Revamping to up HBL share bid price

Published January 1, 2004

KARACHI, Dec 31: The Aga Khan Fund for Economic Development has offered a per share bid of hardly Rs30 for Pakistan's second largest bank Habib Bank on Monday.

But completion of a financial restructuring, now underway in Habib Bank, will push up per share bid price of Aga Khan Fund to Rs63.68. This financial restructuring or what is being described as equity rationalization means taking care of accumulated losses mainly because of bad loans portfolio.

Sources in Privatization Commission in Islamabad and in Habib Bank in Karachi said that as on June 30 this year the net worth of the bank was determined at Rs14.8 billion. There were about 1.2 billion shares of the bank.

A financial engineering of Habib Bank will take care of accumulated losses and will bring down the paid up capital to Rs6.9 billion after the Privatization Commission completes legal requirements through court, Securities and Exchange Commission of Pakistan and State Bank of Pakistan.

A downsizing of paid up capital will also reduce the number of shares to 690 million. For 51 per cent of these 690 million shares, that comes to 351.9 million shares Aga Khan Fund has offered Rs22.409 billion.

"We are offering a running bank that meets all the requirements of the regulators," remarked a source in the Privatization Commission who said that per share price of the bank was not the real reflection of bank's financial strength.

Sources in Habib Bank expect transfer of management in next 45 days after the SECP and State Bank scrutinise the Aga Khan Fund's nominated management team.

The government injected Rs17.7bn in the equity of Habib Bank as it was found to have a big hole of Rs27bn. The current financial restructuring is expected to take care of the left over losses.

The sources indicated that new management would have to invest about Rs4 billion in staff restructuring even after more than 11,000 employees were relieved under a golden hand shake scheme.

Privatization of the HBL on Monday did not create desired impact on the stock market. Described as 'landmark privatization' by Dr Hafeez Sheikh, the successful bidding of HBL on Monday failed to motivate the investors. On Tuesday the Karachi Stock Market showed a negative four point and did not show much improvement on Wednesday.

A prompt notice by a Jamat-e-Islami Senator Khurshid Ahmad to discuss privatization of HBL in parliament has apparently dampened the spirits of the investors and stock market is abuzz with all sort of speculations. Also worth taking notice are the comments offered by ruling party senators on this deal.

Privatization of banks in Pakistan were never controversy free. The first bank offered to investors was Muslim Commercial Bank in 1991. Abdul Kadir Tawakkal offered the highest bid at Rs 56 a share.

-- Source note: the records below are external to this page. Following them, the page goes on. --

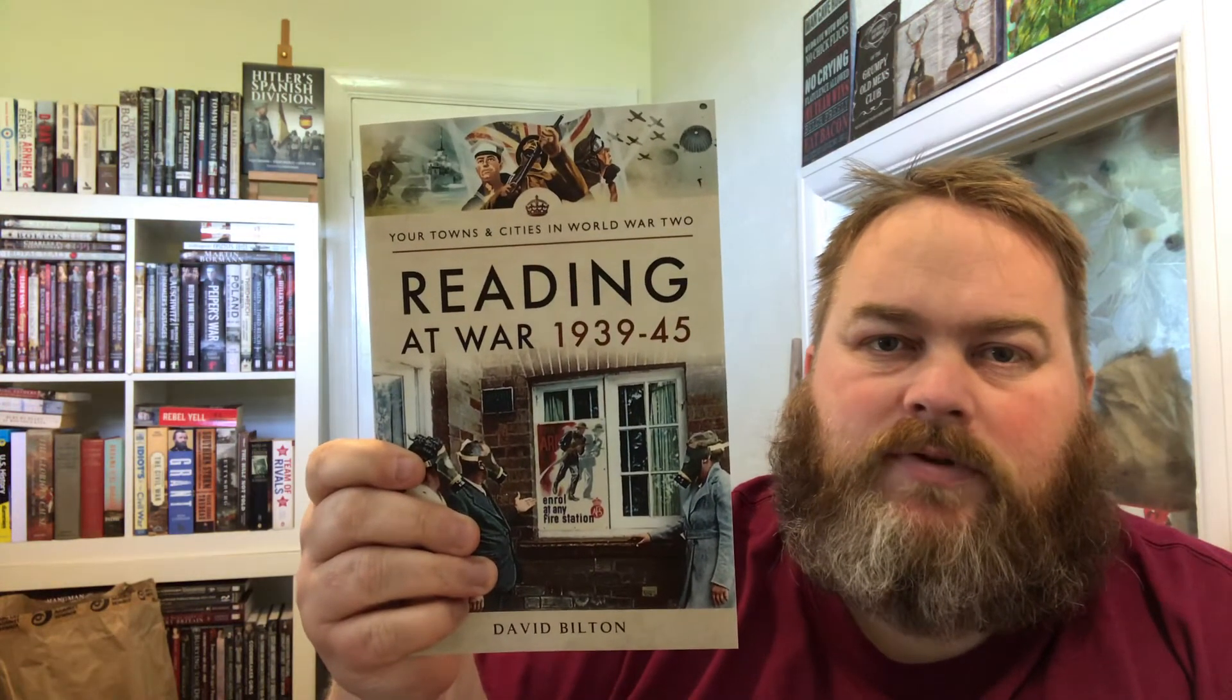It's published by Pen & Sword Books and available in the UK for £15.99. It's also part of the Your Towns and Cities in World War II series.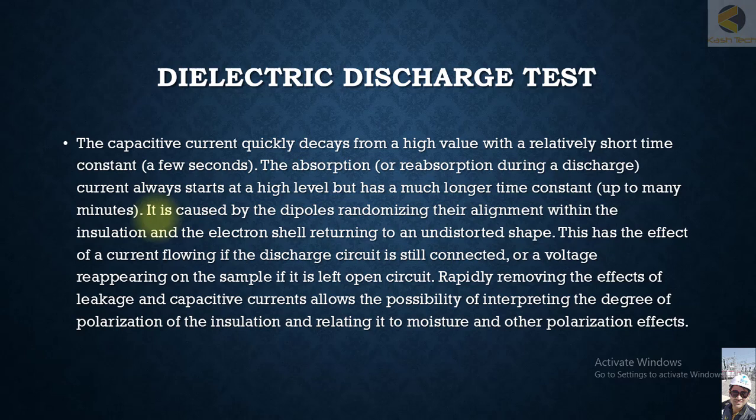This has the effect of a current flowing if the discharge circuit is still connected, or voltage reappears on the sample if left open circuit. Rapidly removing the effects of leakage and capacitive current allows the possibility of interpreting the degree of polarization of the insulation and relating it to moisture and polarizing effects. This is fundamentally how the Dielectric Discharge Test works.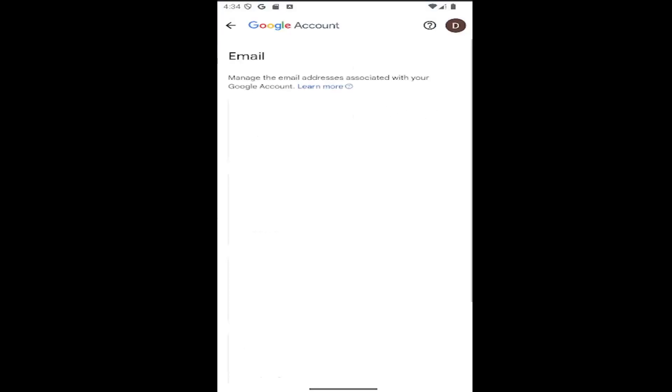You can adjust your Google account recovery email, contact email, and alternate emails through this page by selecting inside those fields. That's all you have to do.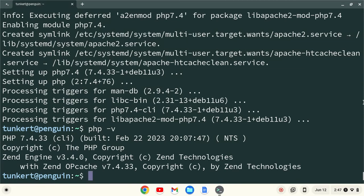You'll see at the time of this recording, this installs PHP 7.4.33. It may be different at the time you're watching this video, but you've installed PHP. Congratulations.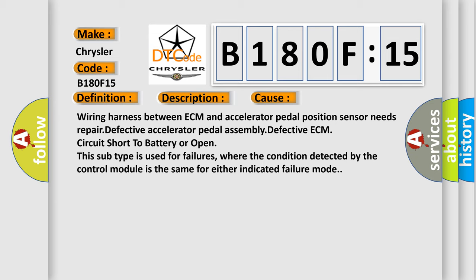This subtype is used for failures where the condition detected by the control module is the same for either indicated failure mode.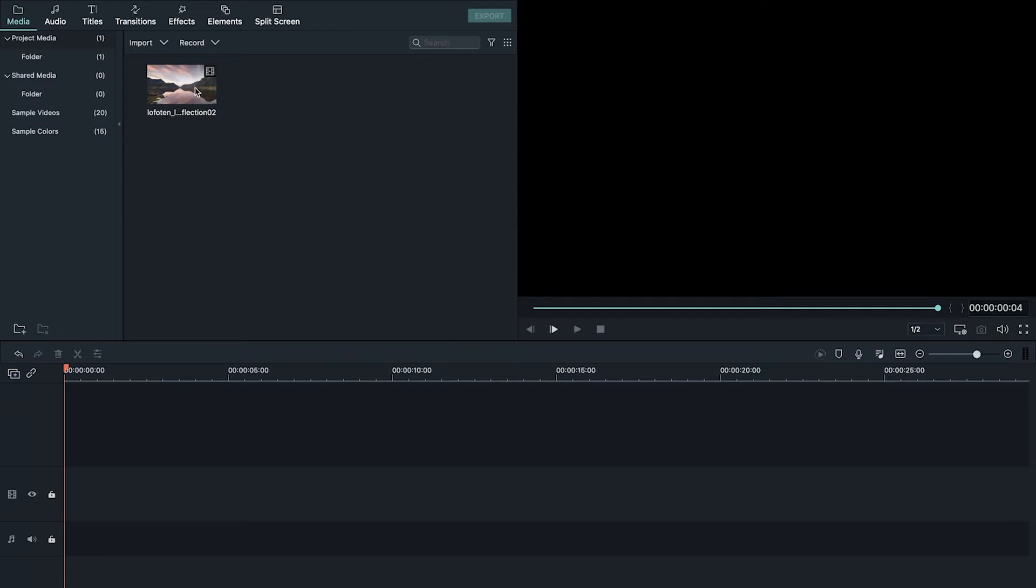In this video you're going to learn how to add cinematic black bars to your videos using Filmora. The first method we can use to achieve this effect should only be used when you don't have any plans to animate the bars coming in or going out.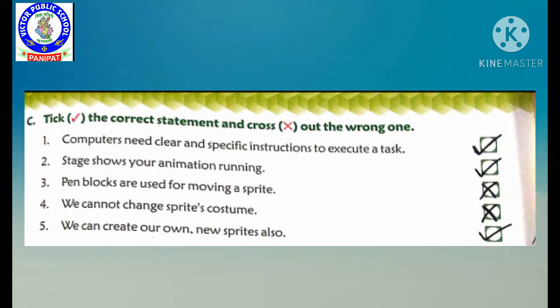Now students, Part C — tick the correct statement and cross out the wrong one. First: computers need clear and specific instructions to execute a task. Computers ko koi bhi task execute karne ke liye clear or specific instruction chahiye hoti hai — yes, this is true, toh hum isme tick karenge. Second: stage shows your animation running. Hum apni sari animation ko stage pe hi run karte huye dekh sakte hain — yes, this is true. Third: pen blocks are used for moving a sprite. Kya pen block ki help se hum apne sprite ko move karte hain? No, this is wrong. Pen block ki help se hum draw karte hain, toh hum isme false karenge.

He was denied MCB takeover and instead a National Group of a dozen investors were offered to raise their bid price. Tawakkal is now in prison facing a number of charges. The leader of National Group Hussain Lawai is not in Pakistan.

Allied Bank was the second bank given to employees and management of the bank through a negotiated price of Rs 87 a share in 1991. Its two presidents went to jail and the third remain under investigation. The ABL is now again on the auction bloc under State Bank supervision.

United Bank was given to a Middle Eastern investor last year after a lot of controversy and heat that generated after bidding. There were last minute efforts to put a spanner in the HBL privatization. A proposal was offered to merge HBL with NBP.

This proposal is impractical because merger of two giants HBL and NBP would be to bring 40 percent of Pakistan's banking under a single entity. It would invoke provisions of Monopoly Control Authority.

Secondly this merger would lead to closure of more than 1,000 branches of either of the two banks and would cause massive unemployment. Thirdly, it would have deprived public a choice for banking services.